Share your dilemmas and get honest opinions from other Mumsnetters.

To cancel our holiday

237 replies

Barnumshumbug · 02/01/2019 12:36

I've name changed for this. I have a 13yr old DS who refuses to go on holidays. He doesn't like travelling at all. There's no real reason behind this. He's NT with no issues.

We have two other children both older. for the last four years we haven't had a holiday as DS refuses to go on one. We were tentatively talking about going abroad this year, as it's not really fair on the other two. They were so excited, however predictably DS had such hysterics, we've booked a hol in the UK. Since we booked, just after Christmas, DS has moaned and sulked every day and it's not until July.

I'm so at the end of my tether with it. I'm trying to understand DS and talk with him, but his only answer is he doesn't like being sat in cars for a long time. I'm also trying to balance out the needs of my other children. I'm actually getting to the stage where I'm thinking of sending DH with the older ones and I'll stay at home with DS. Or

I know in the scheme of things, this isn't a huge problem, but I've been sat in tears this morning feeling so frustrated that he's sulking again.

Can anyone suggest what they would do ?

OP posts:
ShesABelter · 02/01/2019 14:26

Im sorry but that's madness. I can't believe for four years you have allowed a child from nine years old call the shots on whether a whole family holidays or not. Because you have allowed him to have the power for so long you have essentially created a monster and he will throw his toys out the pram now you booked one.

I'd of left him with another family member if possible and gone without him. No way would a child be stopping us as a family going abroad. No way.

needsleepzzz · 02/01/2019 14:26

Leave him with a grandparent/aunt/uncle. The other kids shouldn't miss out

greenpop21 · 02/01/2019 14:28

NT?

Dogsmellssobadbob · 02/01/2019 14:28

Don’t be ridiculous
Book to go abroad
Tell him to suck it up and don’t engage anymore

He does it because you have always let him dictate
Your poor other kids

LIZS · 02/01/2019 14:28

So you booked according to his wants and it still is not enough. Is this the only area of life limited by his opinions? If he says jump , do you respond how high for fear of upsetting him! Definitely arrange something for the older ones to enjoy, even if a short break, and give him the choice to stay at home (with gps or one parent) . This is not a situation which has occurred overnight and it should not be allowed to control your family life to such an extent.

Aridane · 02/01/2019 14:30

Fucks sake

He has to suck this up or stay behind with a friend or relative.

This!

eurochick · 02/01/2019 14:37

By not dealing with this four years ago you have let it blow up into a much bigger thing than it needs to be.

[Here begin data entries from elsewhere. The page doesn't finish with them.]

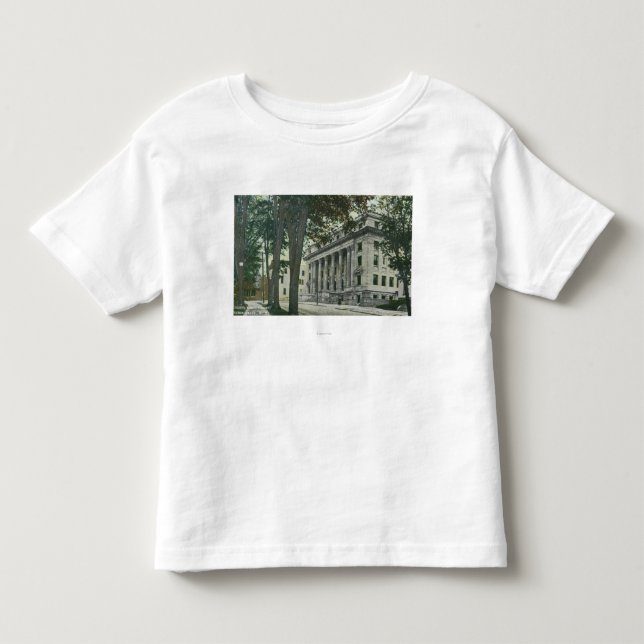 Exterior View of the County Court House Toddler T-shirt (Front)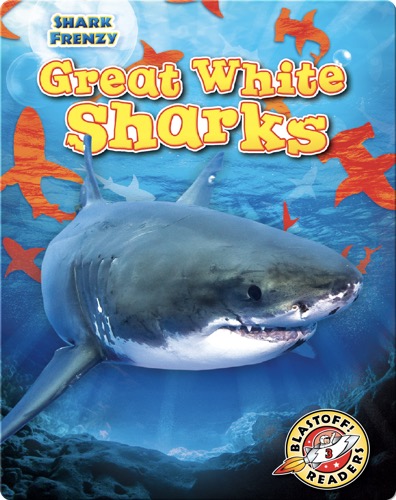 Shark Frenzy: Great White Sharks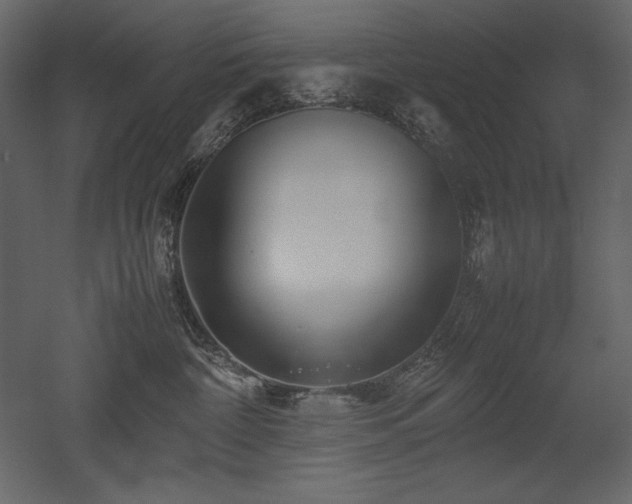 X0000053010332200507081306
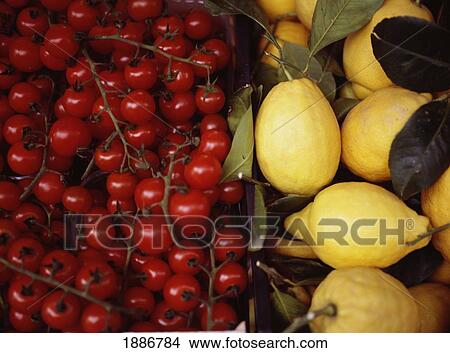 Tomatoes And Lemons For Sale, Close Up View Large Photo Image Picture - Tomatoes And Lemons For Sale, Close Up. Fotosearch
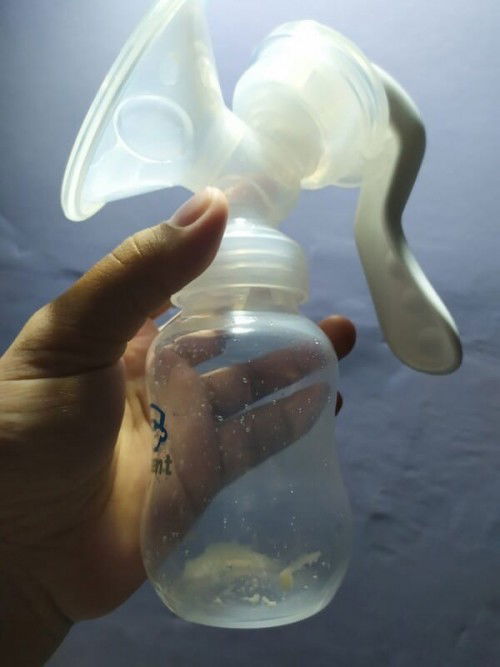 Berusaha menjadi ibu pejuang ASI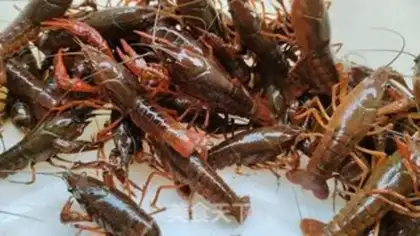 Make Lobster step 0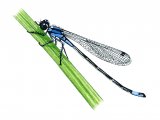 Illustration of Damselfly (Blue-tailed) Ischnura elegans (#1269)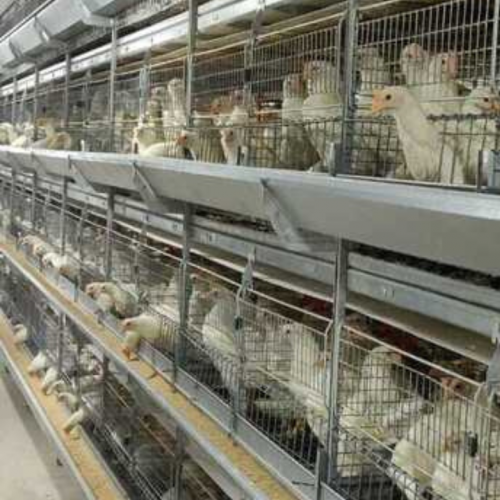 Pullet Rearing Cage Inspection Trolley - SHEWUYOU Livestock Equipment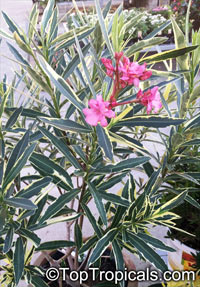 Nerium oleander Variegata (Олеандр вариегатный) - растение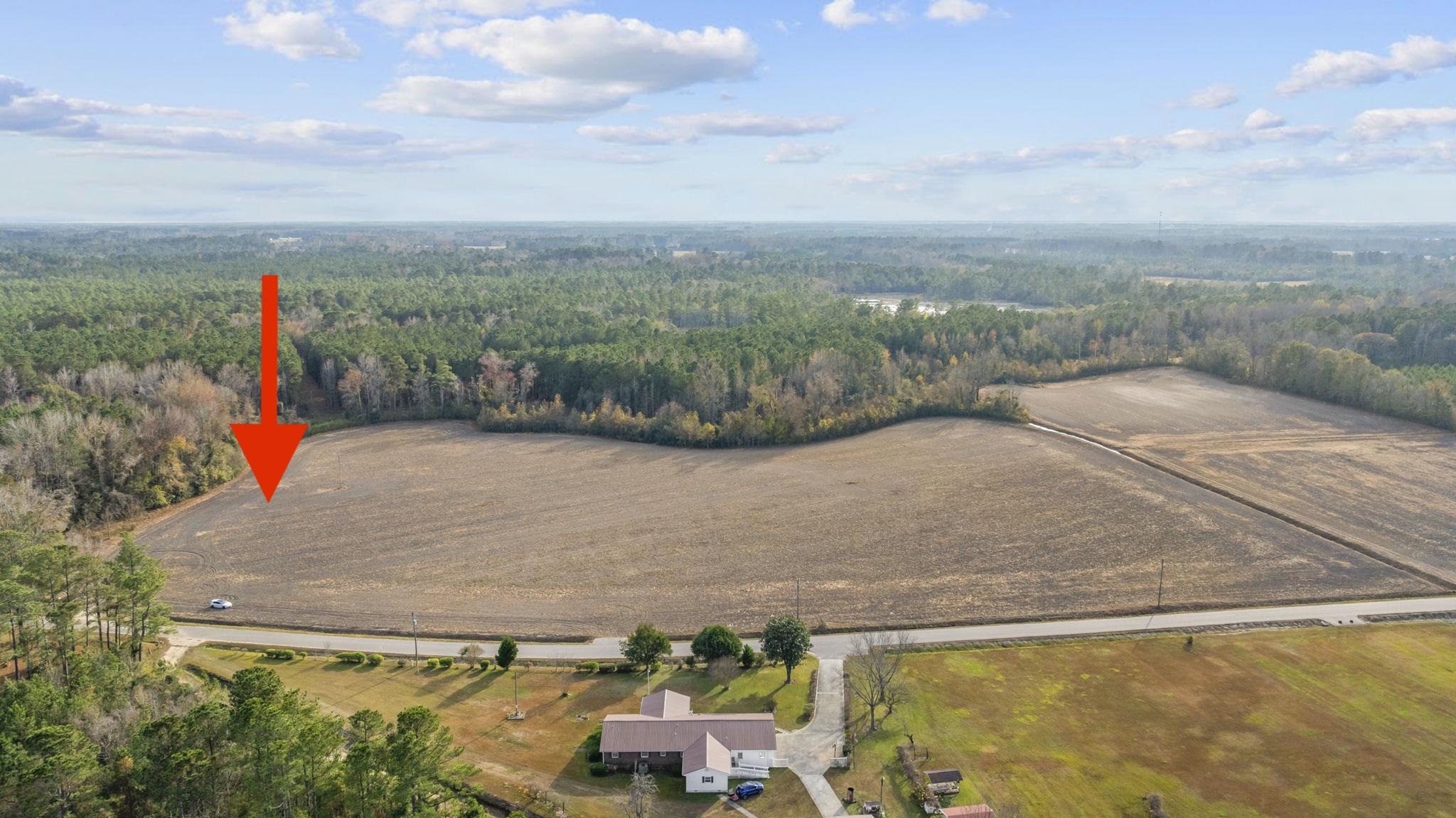 Tbd Bertie Road Green Sea, SC 29545 - Photo 5 of 5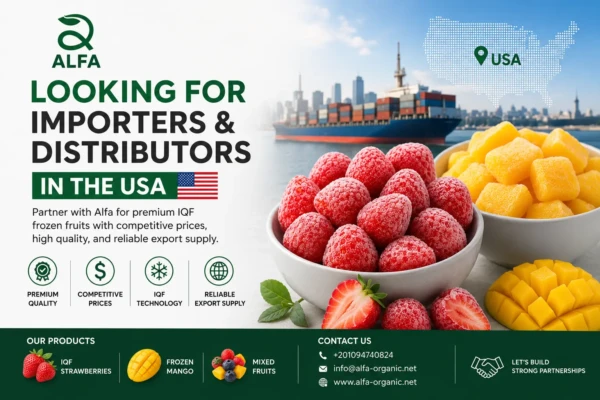 Looking for Importers & Distributors in the USA for Premium IQF Frozen Fruits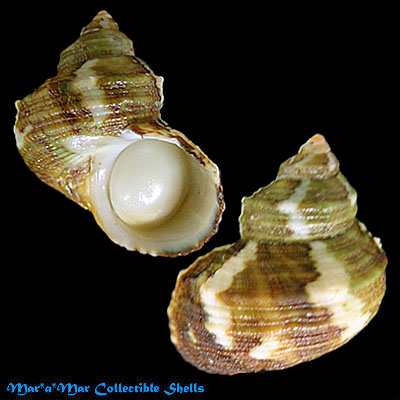 Turbo haynesi Preston, 1914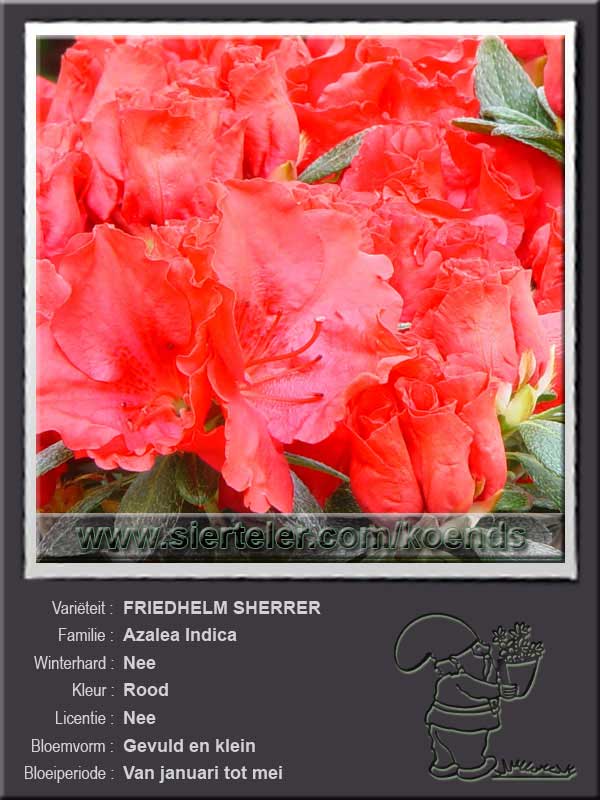 Azalea Indica   FRIEDHELM SHERRER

DishingOutDone · 02/01/2019 14:38

I spent years assuming that my youngest DD, now 15, was NT (neuro-typical) and often unwittingly giving in to her tantrums and demands at the expense of my older DD just because it was easier. It definitely affected my relationship with older DD.

Then all of a sudden, last Easter, it turned out my DD wasn't NT, far from it in fact and it all fell into place, all the behaviour issues etc. Now her mental health is so bad she can't leave the house but as long as she is safe with her Dad then myself and older DD go wherever we can. Younger DD still tries to manipulate us, because that behaviour is a symptom of her condition, but I don't want it to ruin what time I have left with older DD at home.

So, that's my story and I back up what other posters are saying, this isn't NT behaviour, what else does he do that you have always shrugged off? He needs boundaries or he needs help, but either way if you can find someone he is ok with to take care of him during that time, you need to take the other kids on holiday - holidays of any sort are important to family relationships and it sounds like you can afford it so you need to take charge.

Tell your son you love him and you all really really want him to come, you are booking it, that's the end of it.

GummyGoddess · 02/01/2019 14:40

@DeepanKrispanEven I think it will as he won't be spending every moment with his family normally, and no consoles or solo activities.

greenpop21 · 02/01/2019 14:44

Thanks for NT meaning.

Op as he's moaning and sulking abut the UK holiday anyway, you may as well book the holiday you actually want. It's not as if he is happy with a UK holiday.
Try to talk to him about what it is he fears.

EerieSilence · 02/01/2019 14:47

This must be a made up story, right? A 9y old tells the family holiday is over. 4 years later his Mum wants to stay with him to keep him company while the rest of the family enjoy their holidays.
Seriously, please, tell me families like that don't exist.

Mix56 · 02/01/2019 14:48

when you leave him behind, make sure there is no Xbox !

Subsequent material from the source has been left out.